Something I need to research more than I have
My wife loves Dita Von Teese – I totally understand why, my problem is that I know why I understand, I just wish I didn't.
My wife loves all things Dita Von Teese. Whenever I think of her name I think of the word tease, I’m guessing it’s intentional. It must be. I’m not initiated, the first I knew of Ms Von Teese was when I read she was Marilyn Manson’s love interest. Does he have love interests? I don’t know him. I feel I’m writing in very short sentences, I think I do this when I explain what I’m thinking, putting into words my thoughts—which are all probably short themselves. That, is not my fault.
Anyway, from what I see from the outside, I think I like burlesque—I’ve been to Paris and walked past Crazy Horse, from the Mötley Crüe song, stood there awhile thinking “shall I take a picture”, I didn’t. I don’t take more pictures than I do take. And that’s easy to explain. I’ve been places and forgotten everything, been told I’ve met someone and because I’m there with my camera there’s no memory in my head. I don’t care mostly as my camera is my memory of most things, but like a navigation device in a car that takes you places—you don’t actually learn how to get there. Remember when you used to ask the time as a kid and your mum would just tell you to look at the clock yourself. That.
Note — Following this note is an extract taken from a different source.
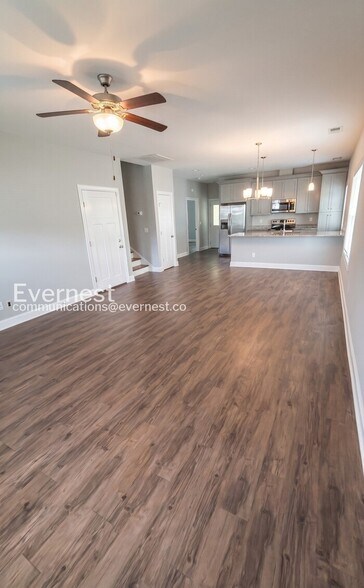 Building Photo - 5344 Roosevelt Rd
So burlesque, then. In my head it’s mixture of the Wild Wild West and Paris dancing with frilly knickers, high kicks, drinking shots and six shooters. It has that whole stripper image, but I know it’s not about that. It has that whole seedy bar image, but I know it’s not about that. I think about the can-can, but I really know it’s not about that… but it does have all that in it, in my head.
I should do a whole load more research on this subject and get out of my head what I think is in it. I think I’m going crazy.